The rest, ordinary laborers, have a few savings, "living on the herbage, and on a few goats which devour everything." Often again, these, by order of Parliament, are killed by the game-keepers. A woman, with two children in swaddling clothes, having no milk, "and without an inch of ground," whose two goats, her sole resource, had thus been slain, and another, with one goat slain in the same way, and who begs along with her boy, present themselves at the gate of the chateau; one receives twelve livres, while the other is admitted as a domestic, and henceforth, '' this village is all bows and smiling faces.''—In short, they are not accustomed to kindness; the lot of all these poor people is to endure. "As with rain and hail, they regard as inevitable the necessity of being oppressed by the strongest, the richest, the most skillful, the most in repute," and this stamps on them, "if one may be allowed to say so, an air of painful suffering."

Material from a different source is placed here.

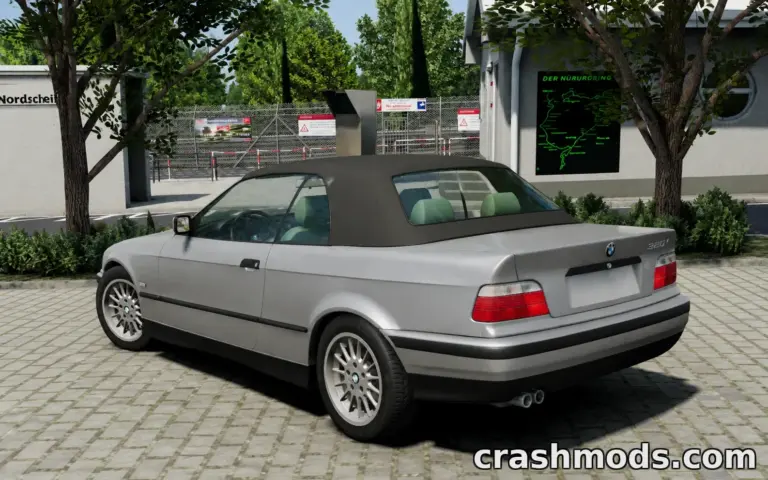 BMW E36 M3 REAMAP mod showcased in BeamNG.drive, featuring a sleek convertible parked in a detailed environment.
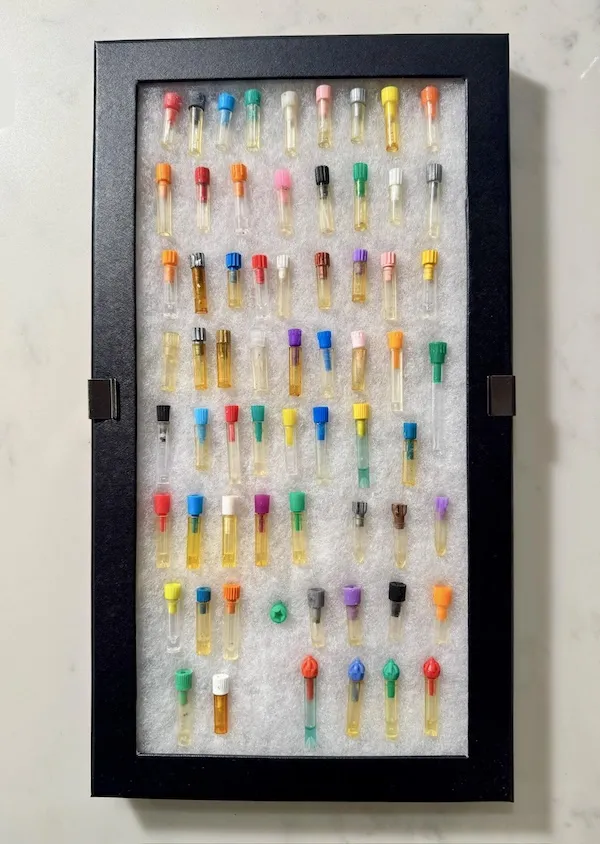 Rôznofarebné flakóny v rámčeku, organizované na textilnom podklade, zobrazené na bielej ploche.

In Auvergne, a feudal country, covered with extensive ecclesiastic and seigniorial domains, the misery is the same. At Clermont-Ferrand,5143 "there are many streets that can for blackness, dirt and scents only be represented by narrow channels cut in a dunghill." In the inns of the largest bourgs, "closeness, misery, dirtiness and darkness." That of Pradelles is "one of the worst in France." That of Aubenas, says Young, "would be a purgatory for one of my pigs." The senses, in short, are paralyzed. The primitive man is content so long as he can sleep and get something to eat. He gets something to eat, but what kind of food? To put up with the indigestible mess a peasant here requires a still tougher stomach than in Limousin; in certain villages where, ten years later, every year twenty or twenty-five hogs are to be slaughtered, they now slaughter but three5144.—On contemplating this temperament, rude and intact since Vercingetorix, and, moreover, rendered more savage by suffering, one cannot avoid being somewhat alarmed. The Marquis de Mirabeau describes

"the votive festival of Mont-Dore: savages descending from the mountain in torrents,5145 the curate with stole and surplice, the justice in his wig, the police corps with sabers drawn, all guarding the open square before letting the bagpipers play; the dance interrupted in a quarter of an hour by a fight; the hooting and cries of children, of the feeble and other spectators, urging them on as the rabble urge on so many fighting dogs; frightful looking men, or rather wild beasts covered with coats of coarse wool, wearing wide leather belts pierced with copper nails, gigantic in stature, which is increased by high wooden shoes, and making themselves still taller by standing on tiptoe to see the battle, stamping with their feet as it progresses and rubbing each other's flanks with their elbows, their faces haggard and covered with long matted hair, the upper portion pallid, and the lower distended, indicative of cruel delight and a sort of ferocious impatience. And these folks pay the taille! And now they want to take away their salt! And they know nothing of those they despoil, of those whom they think they govern, believing that, by a few strokes of a cowardly and careless pen, they may starve them with impunity up to the final catastrophe! Poor Jean-Jacques, I said to myself, had any one dispatched you, with your system, to copy music amongst these folks, he would have had some sharp replies to make to your discourses!"

Prophetic warning and admirable foresight in one whom an excess of evil does not blind to the evil of the remedy! Enlightened by his feudal and rural instincts, the old man at once judges both the government and the philosophers, the Ancient Regime and the Revolution.